Did you watch the Lakers, Nuggets series? they put Kmart and Kleiza on kobe over over AI and JR. JR is a terrible defender. When you come to the nuggets and your a weak defender.... it is really going to show. The nuggets need a John Salmons type to come in and guard wings. Yes we are short a wing defender. No billups isnt the solution to that problem. 
The rumors are coming from people outside the Nuggets organizations... other organizations and newspapers. just made up bs. 
At the end of the day- Melo is not the problem on this team. Other teams may want him, but it is not in the best interests of this franchise to trade him. 
the best option isn't to make a bad trade- it is to not make the trade at all. Zach Randolph- with that contract is worth a bag of chips and he is too slow to play in the nuggets offense.


----------



## pac4eva5 (Dec 29, 2005)

this is so disgusting. can we please get any more stupid? is every detroit fan a retard?

lets give up our 2 young studs for old guys. YAY! oh and lets add more **** contracts like chauncey and zach. YAY! oh can we please add more real stupid, selfish, pathetic ego's to the team? wait, zach is the main piece? YAY!

its basically a kmart for randolph swap (which sucks major ***). kenyon is an elite defender and is a damn solid option off the bench for us next year. not to mention he is 100% healthy finally and actually has a BETTER!? contract than zach? wow...

then u have melo for chauncey and prince. getting better, but still a HORRIBLE swap considering melo's talent, age, and i dont know... profibility (word?). melo is a GOD in denver. trading him would better net us somebody like derrick rose. not a system PG on the downside of his career with a ****ty *** contract. and prince? besides a few amazing random blocked shots, the guy is a damn bum. solid defense? ill give u that, except for the fact h sucks *** offensively. chauncey and prince is not gonna land carmelo ****ing anthony, especially since the 2 of them have pretty crappy contracts considering. the guy is only a top 3 scorer in a system that has suited him horribly his whole career. maybe if chauncey and prince were both 24 years old...

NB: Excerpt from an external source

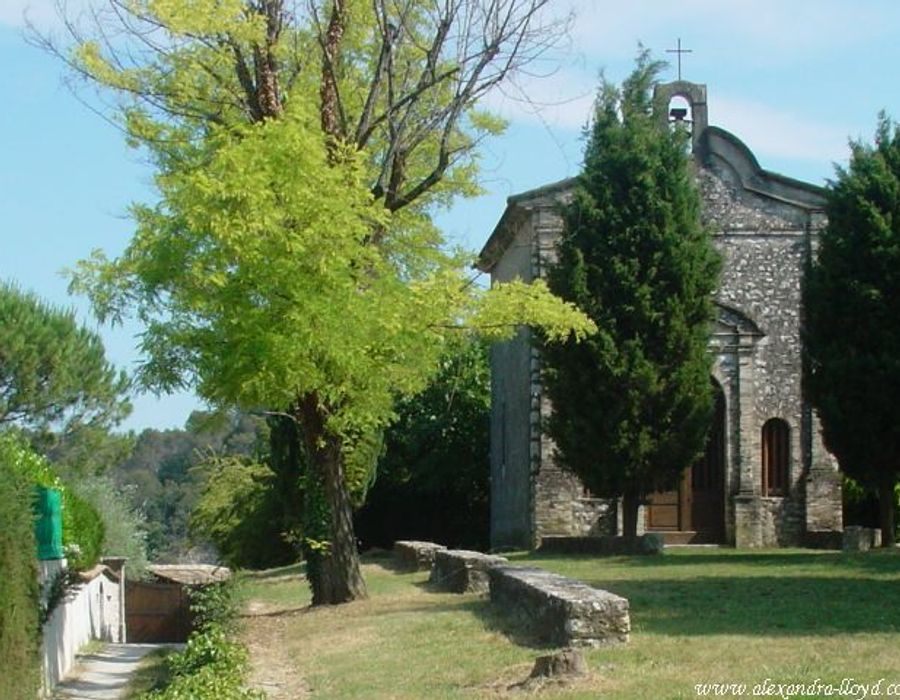 Superb property in La Colle sur Loup/Saint Paul de Vence 2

so this leaves nene for dice. salary wise this would be a no-brainer, however if nene can be healthy one of these days hes a legit 18/10 player for another 10 years. he is our only solid post player, besides melo. he is a legit C. defensively hes a beast. and if he gets injured again we can always dump him for expirings like we could have this trade deadline.

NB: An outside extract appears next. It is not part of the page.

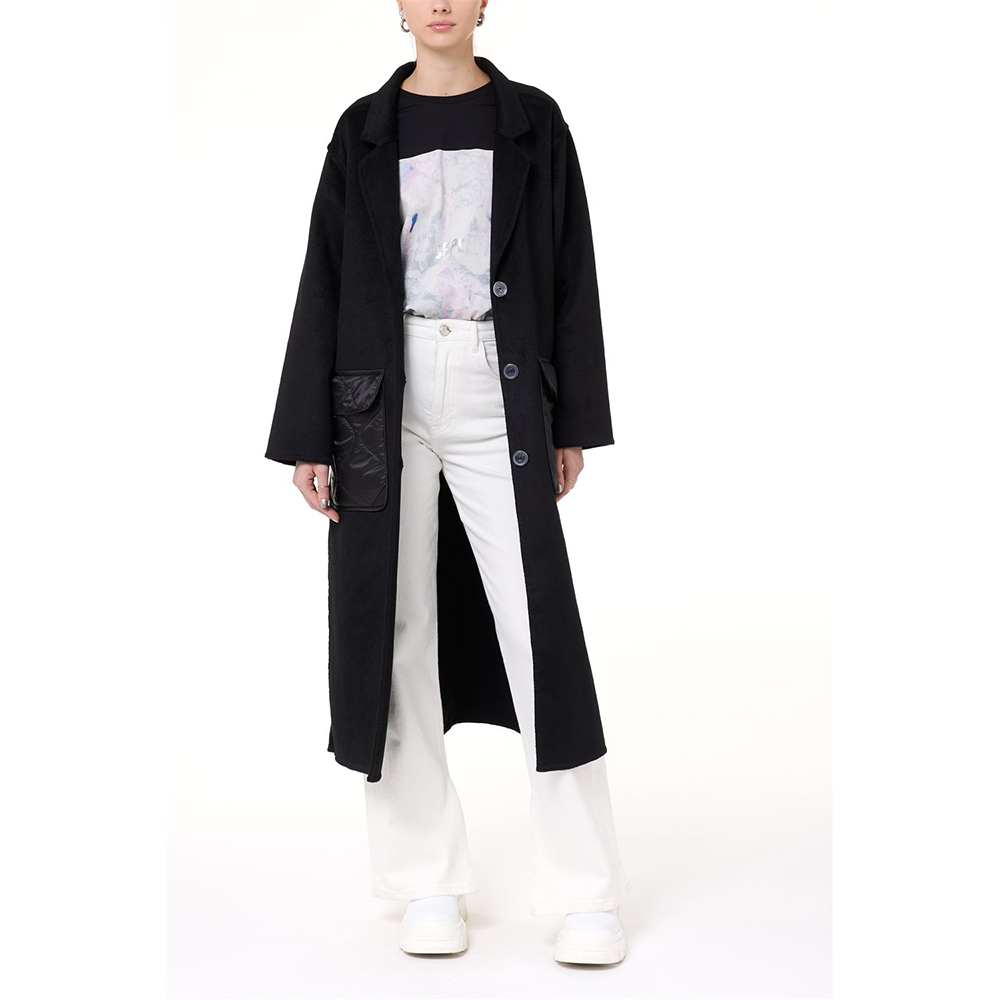 ICE PLAY CAPPOTTO TESSUTO ΠΑΛΤΟ ΓΥΝΑΙΚΕΙΟ 23IU2M0N0116451 4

instead of nene, throw in camby and bring in sheed. and scratch out zach. then MAYBE, we have something going...

seriously, any trade suggestion involving zach should have a massive warning: DONT WASTE YOUR TIME READING THIS THREAD


----------



## pac4eva5 (Dec 29, 2005)

jericho said:


> Defensively the frontcourt gets significantly worse. They trade away their best 2 interior man defenders, and get a matador in return.
> 
> However the perimeter defense gets substantially better with the additions of Prince and Billups, so there are trade-offs to consider.


lol no. billups isnt any better than AVERAGE. he is pretty damn overrated defensively. team defense makes players look good. classic case.


----------



## nbanoitall (May 21, 2004)

pac4eva5 said:


> lol no. billups isnt any better than AVERAGE. he is pretty damn overrated defensively. team defense makes players look good. classic case.


after reading the Detroit Free Press this morning it looks like Piston fans put down their crack pipes.
Nuggets rejected trade offers for Melo- that were offered by the Pistons.


----------



## nbanoitall (May 21, 2004)

and just a few minutes later the Nuggets front office take a huge DUMP in this thread. very nice timing.


----------